ASCAP appeals Pandora ruling

ASCAP vs Pandora

ASCAP announced that it is appealing the decision it lost to Pandora in a federal rate-setting trial in March. ASCAP (American Society of Composers, Authors asnd Publishers) seeks to reverse a district court’s ruling that set a much lower royalty rate for Pandora’s use of music created or published by ASCAP members.

In the earlier trial, federal judge Denis Cote was categorical in her rejection of ASCAP’s argument for an escalating royalty rate over a five-year period, and the high royalty levels also. Judge Cote’s reasoning held that there should be a single rate for the five-year period under examination in that trial, and that it should be lower than ASCAP’s high end. The decision set a single rate of 1.85% of Pandora revenue — exactly what the service was already paying. ASCAP hoped for a gradual increase to three percent.

RAIN projected the financial saving to Pandora (and lost-revenue cost to ASCAP members) after the first trial decision:

ASCAP vs Pandora dollar chart 638w

 

Judge Cote’s language during the first trial seemed to accept Pandora’s argument that it is a form of radio, and that radio’s low rates to ASCAP should serve as the main benchmark.

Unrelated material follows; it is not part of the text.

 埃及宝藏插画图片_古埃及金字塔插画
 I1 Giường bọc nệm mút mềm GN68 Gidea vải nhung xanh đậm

ASCAP disagrees with that, too. It’s current argument holds that private-market benchmarks should be used: “ASCAP believes that the district court’s summary judgment misinterprets the ASCAP consent decree and deprives ASCAP’s members of rights expressly granted to them by the Copyright Law.  With respect to the district court’s rate determination, ASCAP’s brief argues that the court set a below-market price for Pandora’s license, resulting from the court’s failure to use recent direct licensing deals as relevant benchmarks.”